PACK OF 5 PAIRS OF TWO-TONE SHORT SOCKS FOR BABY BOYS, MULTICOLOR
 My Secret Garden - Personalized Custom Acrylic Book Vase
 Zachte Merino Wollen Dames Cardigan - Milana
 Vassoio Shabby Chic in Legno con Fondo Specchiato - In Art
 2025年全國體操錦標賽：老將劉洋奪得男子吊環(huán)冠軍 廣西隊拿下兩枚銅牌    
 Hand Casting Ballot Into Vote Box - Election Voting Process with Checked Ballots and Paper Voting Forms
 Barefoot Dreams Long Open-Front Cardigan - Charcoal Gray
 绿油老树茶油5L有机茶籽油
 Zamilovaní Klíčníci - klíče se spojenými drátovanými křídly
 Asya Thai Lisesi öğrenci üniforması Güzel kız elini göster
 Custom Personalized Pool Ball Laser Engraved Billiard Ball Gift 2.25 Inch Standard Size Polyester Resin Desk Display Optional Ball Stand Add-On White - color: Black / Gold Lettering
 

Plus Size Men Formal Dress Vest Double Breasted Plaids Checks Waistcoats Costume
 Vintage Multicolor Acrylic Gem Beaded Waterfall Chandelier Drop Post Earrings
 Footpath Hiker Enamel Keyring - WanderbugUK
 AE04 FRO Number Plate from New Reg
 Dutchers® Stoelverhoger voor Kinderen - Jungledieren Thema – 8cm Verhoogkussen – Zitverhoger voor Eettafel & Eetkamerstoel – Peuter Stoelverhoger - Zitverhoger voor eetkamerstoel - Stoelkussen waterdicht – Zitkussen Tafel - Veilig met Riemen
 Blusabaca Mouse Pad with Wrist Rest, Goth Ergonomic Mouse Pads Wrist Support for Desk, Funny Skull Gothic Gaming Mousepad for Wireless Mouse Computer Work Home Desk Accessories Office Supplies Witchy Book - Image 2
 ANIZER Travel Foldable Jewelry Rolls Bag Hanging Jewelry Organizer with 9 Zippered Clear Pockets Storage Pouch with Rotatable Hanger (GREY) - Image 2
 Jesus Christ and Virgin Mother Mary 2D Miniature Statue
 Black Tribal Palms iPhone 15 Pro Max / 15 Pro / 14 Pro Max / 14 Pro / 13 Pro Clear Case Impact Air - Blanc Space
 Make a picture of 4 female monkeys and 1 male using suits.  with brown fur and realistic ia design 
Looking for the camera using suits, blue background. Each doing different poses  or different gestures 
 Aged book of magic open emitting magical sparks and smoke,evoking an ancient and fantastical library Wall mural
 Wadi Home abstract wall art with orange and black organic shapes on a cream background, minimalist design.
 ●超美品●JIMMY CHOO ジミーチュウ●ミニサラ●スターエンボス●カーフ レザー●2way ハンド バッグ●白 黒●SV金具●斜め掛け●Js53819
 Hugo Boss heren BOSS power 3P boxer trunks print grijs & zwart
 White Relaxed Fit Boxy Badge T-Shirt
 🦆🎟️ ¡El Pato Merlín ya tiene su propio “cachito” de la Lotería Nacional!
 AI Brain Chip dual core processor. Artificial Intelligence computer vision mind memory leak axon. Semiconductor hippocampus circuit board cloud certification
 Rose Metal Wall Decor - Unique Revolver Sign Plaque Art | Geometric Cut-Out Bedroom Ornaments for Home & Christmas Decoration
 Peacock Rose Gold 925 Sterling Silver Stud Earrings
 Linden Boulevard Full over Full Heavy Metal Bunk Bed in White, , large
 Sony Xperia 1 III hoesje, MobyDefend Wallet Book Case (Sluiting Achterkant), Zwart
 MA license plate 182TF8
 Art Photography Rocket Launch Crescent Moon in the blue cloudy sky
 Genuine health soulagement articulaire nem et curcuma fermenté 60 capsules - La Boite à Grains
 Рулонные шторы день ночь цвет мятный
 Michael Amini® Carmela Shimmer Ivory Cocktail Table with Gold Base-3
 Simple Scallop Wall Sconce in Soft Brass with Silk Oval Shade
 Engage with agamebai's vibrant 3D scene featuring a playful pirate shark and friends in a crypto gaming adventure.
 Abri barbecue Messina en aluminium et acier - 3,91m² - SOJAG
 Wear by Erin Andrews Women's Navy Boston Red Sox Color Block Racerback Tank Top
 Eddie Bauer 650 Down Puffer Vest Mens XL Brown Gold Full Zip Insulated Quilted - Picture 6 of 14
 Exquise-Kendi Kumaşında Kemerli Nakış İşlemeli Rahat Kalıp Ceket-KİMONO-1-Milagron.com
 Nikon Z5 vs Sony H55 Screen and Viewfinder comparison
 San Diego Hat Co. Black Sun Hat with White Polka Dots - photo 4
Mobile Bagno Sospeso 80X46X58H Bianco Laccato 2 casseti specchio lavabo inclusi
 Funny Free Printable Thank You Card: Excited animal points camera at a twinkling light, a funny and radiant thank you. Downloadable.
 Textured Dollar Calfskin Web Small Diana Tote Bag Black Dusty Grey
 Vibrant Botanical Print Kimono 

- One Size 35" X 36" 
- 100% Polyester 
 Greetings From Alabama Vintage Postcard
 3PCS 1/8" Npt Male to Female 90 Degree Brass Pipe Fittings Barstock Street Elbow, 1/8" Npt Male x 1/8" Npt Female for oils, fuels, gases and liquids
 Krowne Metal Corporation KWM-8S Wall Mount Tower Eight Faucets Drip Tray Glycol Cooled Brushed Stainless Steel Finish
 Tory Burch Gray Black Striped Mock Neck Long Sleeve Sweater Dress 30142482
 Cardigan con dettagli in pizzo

==*==

> _AIM OF THE TASK_
The required output is the stretch of entries above from the line containing "Custom Personalized Pool" through the line containing "AE04 FRO Number Plate from New Reg", reproduced exactly.

> _RESPONSE AREA_
 Custom Personalized Pool Ball Laser Engraved Billiard Ball Gift 2.25 Inch Standard Size Polyester Resin Desk Display Optional Ball Stand Add-On White - color: Black / Gold Lettering
 

Plus Size Men Formal Dress Vest Double Breasted Plaids Checks Waistcoats Costume
 Vintage Multicolor Acrylic Gem Beaded Waterfall Chandelier Drop Post Earrings
 Footpath Hiker Enamel Keyring - WanderbugUK
 AE04 FRO Number Plate from New Reg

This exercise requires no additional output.